The silence sat between them, stretching out until Bette realized that Mei was waiting for a reaction. She grasped at the first thought that came to mind, and regretted it almost as soon as she’d begun.

“Wouldn’t—I don’t know. Wouldn’t an open relationship be a better way to do this?”

“I don’t really want an open relationship,” Mei said, her voice so calm and placating and definitive that Bette felt a rush of anger. She’d had the chance to prepare a response for everything Bette might come back with. Her tone seemed to suggest this was an unremarkable conversation, a chat entirely suited to taking place in the sheets they’d just had sex in. It was as if she’d already decided this wasn’t going to be a big deal, as if that wasn’t a decision Bette was allowed to make for herself. “And you just said it. You’re a monogamist too. I think things would probably stay the way they are.”

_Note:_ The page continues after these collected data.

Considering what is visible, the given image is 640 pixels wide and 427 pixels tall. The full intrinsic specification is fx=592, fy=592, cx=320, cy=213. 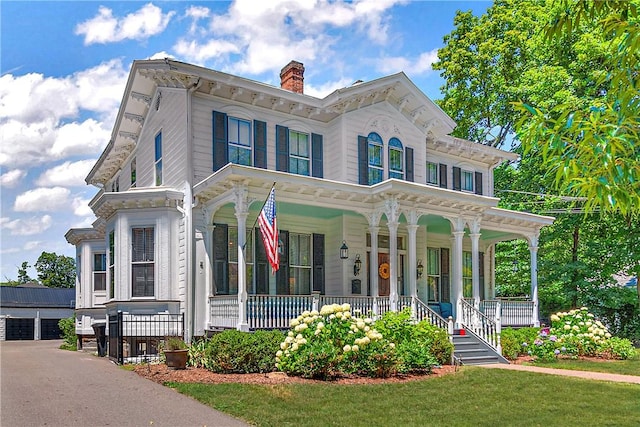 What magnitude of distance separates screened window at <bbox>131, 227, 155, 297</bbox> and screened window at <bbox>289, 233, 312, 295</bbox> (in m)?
3.86

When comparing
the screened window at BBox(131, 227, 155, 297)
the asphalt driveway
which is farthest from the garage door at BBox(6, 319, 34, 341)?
the asphalt driveway

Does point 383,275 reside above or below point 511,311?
above

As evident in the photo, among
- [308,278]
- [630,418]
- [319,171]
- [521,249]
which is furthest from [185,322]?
[521,249]

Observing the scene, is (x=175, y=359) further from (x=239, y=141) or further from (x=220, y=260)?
(x=239, y=141)

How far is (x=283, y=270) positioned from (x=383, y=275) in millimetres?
3571

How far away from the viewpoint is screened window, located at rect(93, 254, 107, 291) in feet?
71.9

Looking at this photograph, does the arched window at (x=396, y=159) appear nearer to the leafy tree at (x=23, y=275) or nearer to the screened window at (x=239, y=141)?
the screened window at (x=239, y=141)

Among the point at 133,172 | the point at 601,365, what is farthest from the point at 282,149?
the point at 601,365

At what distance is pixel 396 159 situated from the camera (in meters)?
18.7

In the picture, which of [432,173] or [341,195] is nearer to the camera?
[341,195]

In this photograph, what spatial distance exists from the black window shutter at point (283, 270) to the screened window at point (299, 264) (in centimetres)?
12

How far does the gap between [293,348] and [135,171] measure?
1060 centimetres

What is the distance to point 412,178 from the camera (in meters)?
18.9

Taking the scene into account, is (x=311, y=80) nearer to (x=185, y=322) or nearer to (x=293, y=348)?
(x=185, y=322) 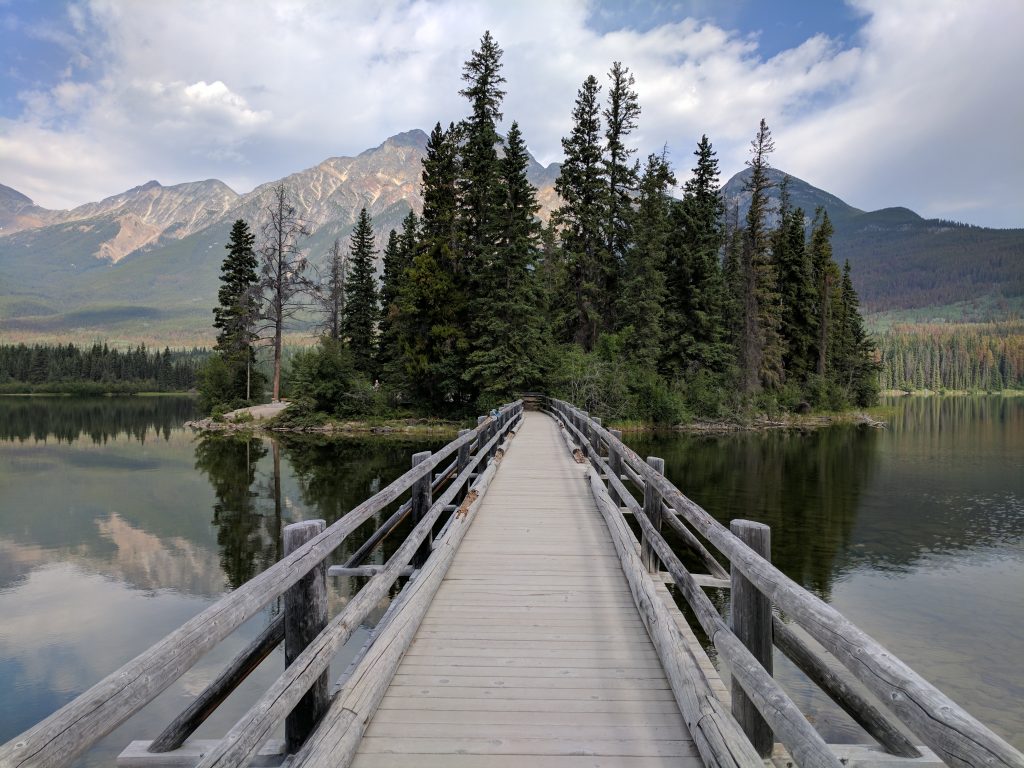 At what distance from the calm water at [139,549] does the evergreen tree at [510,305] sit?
6570 mm

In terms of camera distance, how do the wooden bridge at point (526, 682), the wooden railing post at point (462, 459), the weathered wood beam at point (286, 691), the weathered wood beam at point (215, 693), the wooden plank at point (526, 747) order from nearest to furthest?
the wooden bridge at point (526, 682), the weathered wood beam at point (286, 691), the weathered wood beam at point (215, 693), the wooden plank at point (526, 747), the wooden railing post at point (462, 459)

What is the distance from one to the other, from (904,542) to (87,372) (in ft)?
427

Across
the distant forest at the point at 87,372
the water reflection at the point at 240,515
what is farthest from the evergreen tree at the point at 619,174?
the distant forest at the point at 87,372

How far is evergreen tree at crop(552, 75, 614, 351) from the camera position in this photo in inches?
1469

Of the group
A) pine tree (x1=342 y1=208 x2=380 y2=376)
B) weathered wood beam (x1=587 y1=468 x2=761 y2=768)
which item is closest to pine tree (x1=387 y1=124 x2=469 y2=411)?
pine tree (x1=342 y1=208 x2=380 y2=376)

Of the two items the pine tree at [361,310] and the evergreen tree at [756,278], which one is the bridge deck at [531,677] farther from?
the pine tree at [361,310]

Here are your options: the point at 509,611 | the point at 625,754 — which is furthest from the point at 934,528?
A: the point at 625,754

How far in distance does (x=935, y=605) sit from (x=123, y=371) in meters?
134

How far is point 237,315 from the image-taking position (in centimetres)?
4384

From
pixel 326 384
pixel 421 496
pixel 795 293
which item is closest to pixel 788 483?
pixel 421 496

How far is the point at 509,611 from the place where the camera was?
5.04 meters

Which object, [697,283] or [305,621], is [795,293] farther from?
[305,621]

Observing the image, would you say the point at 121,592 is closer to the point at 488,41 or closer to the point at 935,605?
the point at 935,605

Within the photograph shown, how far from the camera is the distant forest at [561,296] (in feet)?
107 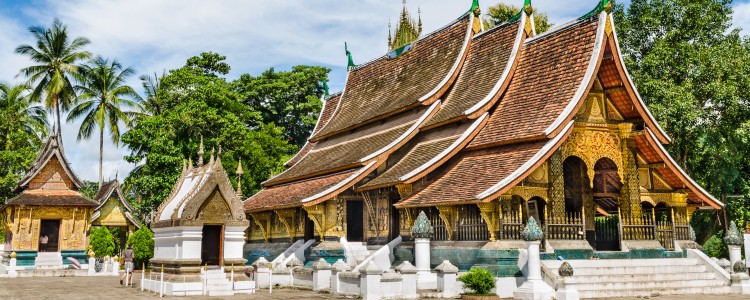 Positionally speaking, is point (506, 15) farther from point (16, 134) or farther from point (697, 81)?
point (16, 134)

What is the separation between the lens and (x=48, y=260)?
28.2 metres

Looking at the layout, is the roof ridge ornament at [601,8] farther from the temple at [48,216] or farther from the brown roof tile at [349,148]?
the temple at [48,216]

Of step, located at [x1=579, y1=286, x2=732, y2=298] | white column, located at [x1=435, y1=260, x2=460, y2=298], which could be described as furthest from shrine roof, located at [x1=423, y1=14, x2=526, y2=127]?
step, located at [x1=579, y1=286, x2=732, y2=298]

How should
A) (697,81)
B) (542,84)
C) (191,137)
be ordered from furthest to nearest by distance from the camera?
1. (191,137)
2. (697,81)
3. (542,84)

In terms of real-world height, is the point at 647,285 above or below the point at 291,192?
below

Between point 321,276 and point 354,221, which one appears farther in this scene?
point 354,221

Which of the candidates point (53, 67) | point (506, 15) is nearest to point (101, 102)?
point (53, 67)

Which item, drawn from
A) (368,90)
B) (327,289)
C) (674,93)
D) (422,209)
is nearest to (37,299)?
(327,289)

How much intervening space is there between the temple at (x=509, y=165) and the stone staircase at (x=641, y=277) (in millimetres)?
470

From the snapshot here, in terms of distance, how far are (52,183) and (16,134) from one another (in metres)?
13.7

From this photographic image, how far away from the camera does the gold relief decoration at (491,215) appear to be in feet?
45.1

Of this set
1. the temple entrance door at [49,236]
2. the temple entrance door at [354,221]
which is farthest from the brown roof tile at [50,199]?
the temple entrance door at [354,221]

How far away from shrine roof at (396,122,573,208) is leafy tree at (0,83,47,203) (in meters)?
27.0

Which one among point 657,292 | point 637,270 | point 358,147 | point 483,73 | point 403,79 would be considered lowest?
point 657,292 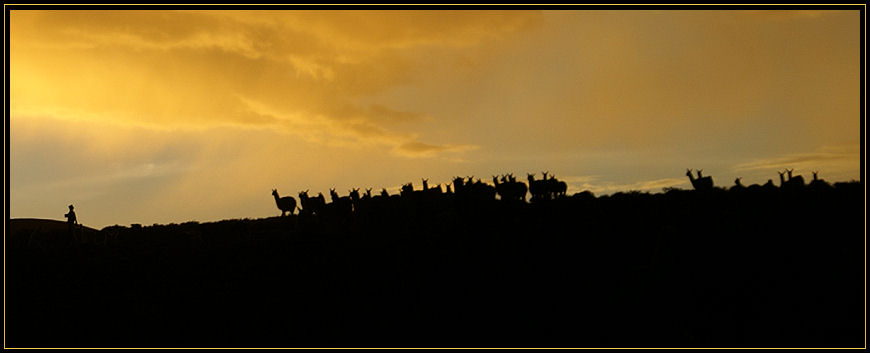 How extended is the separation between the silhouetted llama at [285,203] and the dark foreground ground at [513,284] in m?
19.3

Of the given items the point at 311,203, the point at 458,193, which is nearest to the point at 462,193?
the point at 458,193

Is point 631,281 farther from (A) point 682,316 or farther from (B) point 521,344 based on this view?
(B) point 521,344

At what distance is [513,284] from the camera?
22.6 meters

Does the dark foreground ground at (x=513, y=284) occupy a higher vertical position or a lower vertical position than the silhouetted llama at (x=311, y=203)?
lower

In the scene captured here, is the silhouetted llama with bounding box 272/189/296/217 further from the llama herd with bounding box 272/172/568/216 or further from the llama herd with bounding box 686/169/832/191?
the llama herd with bounding box 686/169/832/191

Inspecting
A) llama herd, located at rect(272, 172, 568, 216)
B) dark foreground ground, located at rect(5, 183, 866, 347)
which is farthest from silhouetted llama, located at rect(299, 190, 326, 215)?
dark foreground ground, located at rect(5, 183, 866, 347)

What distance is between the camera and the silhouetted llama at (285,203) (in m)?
51.4

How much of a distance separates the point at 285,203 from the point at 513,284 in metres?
32.5

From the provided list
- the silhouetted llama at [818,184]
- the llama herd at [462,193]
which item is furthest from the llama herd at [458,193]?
the silhouetted llama at [818,184]

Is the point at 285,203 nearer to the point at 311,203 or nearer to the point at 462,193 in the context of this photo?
the point at 311,203

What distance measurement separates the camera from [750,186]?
30422 millimetres

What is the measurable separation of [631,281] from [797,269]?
529cm

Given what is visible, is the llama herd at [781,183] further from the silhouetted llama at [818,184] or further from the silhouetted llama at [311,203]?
the silhouetted llama at [311,203]

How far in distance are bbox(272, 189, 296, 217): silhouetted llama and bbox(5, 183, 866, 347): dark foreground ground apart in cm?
1933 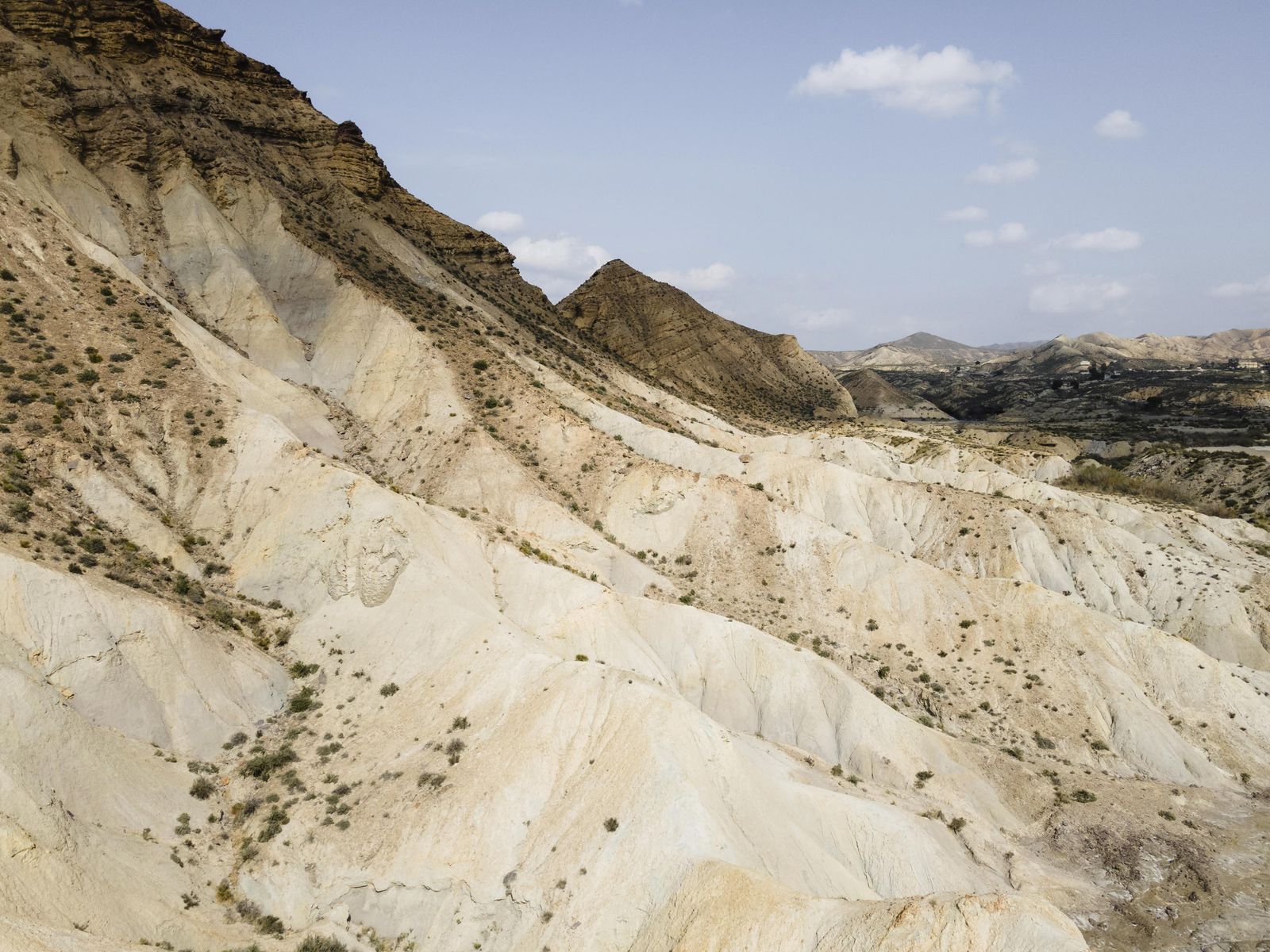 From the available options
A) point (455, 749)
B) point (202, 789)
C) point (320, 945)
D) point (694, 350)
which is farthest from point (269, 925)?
→ point (694, 350)

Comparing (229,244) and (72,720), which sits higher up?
(229,244)

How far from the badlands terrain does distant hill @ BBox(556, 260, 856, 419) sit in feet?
141

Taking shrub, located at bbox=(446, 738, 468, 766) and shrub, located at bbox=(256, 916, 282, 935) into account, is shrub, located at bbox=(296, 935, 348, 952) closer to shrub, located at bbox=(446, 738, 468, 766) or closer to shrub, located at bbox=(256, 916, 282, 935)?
shrub, located at bbox=(256, 916, 282, 935)

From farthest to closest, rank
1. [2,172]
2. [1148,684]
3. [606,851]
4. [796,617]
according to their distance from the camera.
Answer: [2,172] < [796,617] < [1148,684] < [606,851]

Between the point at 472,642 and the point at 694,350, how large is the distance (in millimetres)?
82295

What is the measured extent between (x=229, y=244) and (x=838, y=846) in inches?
2016

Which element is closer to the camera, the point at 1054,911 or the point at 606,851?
the point at 1054,911

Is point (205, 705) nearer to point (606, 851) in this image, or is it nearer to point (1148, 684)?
point (606, 851)

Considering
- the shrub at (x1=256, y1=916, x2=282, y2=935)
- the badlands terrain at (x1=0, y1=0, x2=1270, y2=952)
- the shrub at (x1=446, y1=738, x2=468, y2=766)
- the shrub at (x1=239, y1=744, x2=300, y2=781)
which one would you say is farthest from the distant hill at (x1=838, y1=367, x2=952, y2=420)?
the shrub at (x1=256, y1=916, x2=282, y2=935)

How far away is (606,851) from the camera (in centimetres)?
1653

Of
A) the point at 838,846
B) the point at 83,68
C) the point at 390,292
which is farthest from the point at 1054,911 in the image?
the point at 83,68

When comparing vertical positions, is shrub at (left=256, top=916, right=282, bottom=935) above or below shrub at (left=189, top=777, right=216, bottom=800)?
below

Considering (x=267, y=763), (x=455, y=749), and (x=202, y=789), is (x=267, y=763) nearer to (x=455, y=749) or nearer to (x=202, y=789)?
(x=202, y=789)

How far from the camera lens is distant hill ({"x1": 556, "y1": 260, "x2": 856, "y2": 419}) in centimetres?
9812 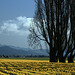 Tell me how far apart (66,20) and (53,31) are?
204 centimetres

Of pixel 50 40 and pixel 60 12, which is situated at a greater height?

Things staying the way they were was exactly what Bette wanted. She felt sick. Worse, her clothes were, she was certain now, in the living room. All of them. She was going to have to walk out there, after this conversation, wearing nothing.

“So instead you think we should break up?”

“Not forever!” Mei said, as though she were throwing Bette a life vest while she sailed off away from her. “Just for a little while. And then after three months,” Bette’s eyebrows flew up and Mei stumbled for the first time, “or, you know, whenever—I just thought three months might be good, give us time to get back together a couple of weeks before Erin and Niamh’s wedding? Anyway, after three months we can properly commit to this. But I want you to have time to figure out what you want first.”

“This is what I want,” Bette insisted. Mei had really thought this through, she realized; the plan was so detailed, so horribly considered. And so, so maddeningly stupid. And then she remembered Ryan, remembered breaking up with him while on the sofa together on a rainy Sunday afternoon. Remembered him fighting so hard for them that her empathy had morphed into pity. It wasn’t attractive, desperation. It was mortifying to watch. She took a shaky breath and realized she was dangerously close to tears.

“I know you think that. And I’m not denying how wonderful this is,” Mei was saying, all gentle sincerity. “But it might feel great with someone else too. You don’t have anything else to compare us to. And I want you to know for sure.”

It was impossible to argue with this. But it didn’t seem fair. Wasn’t there always a risk with a relationship? It was all hope and risk and jumping off a cliff together not knowing where you’d land.

“But—Mei, I—I love you,” Bette said, hating the desperation in her voice, a tear slipping out with the words, determined not to be held back. It was agonizing to say it like this.

“Oh Bette,” Mei said, her eyes sparkling and wet, as she reached across the bed to take her hand. Bette clung to it as though it could stop her from drowning. “I’m falling in love with you too. That’s why I think we have to do this.”

Maybe it all made a horrible sort of sense. How could Bette know? She felt suddenly weighed down, her inexperience hanging off her like an overstuffed weekend bag. Maybe it was right for Mei to want her to be rid of it. Maybe getting rid of it would make everything better. Easier. Less loaded.

She took a deep, steadying breath and pulled her hand away from Mei’s, feeling the absence of it like a physical pain. “So. A break then. Okay. If that’s—I mean, if that’s what we’re doing, then can I just…Do you mind turning round? I need to go and get my things.”

And instead of Mei telling her to stop being silly, instead of Mei laughing and pulling her across the bed, she nodded and settled a hand over her eyes.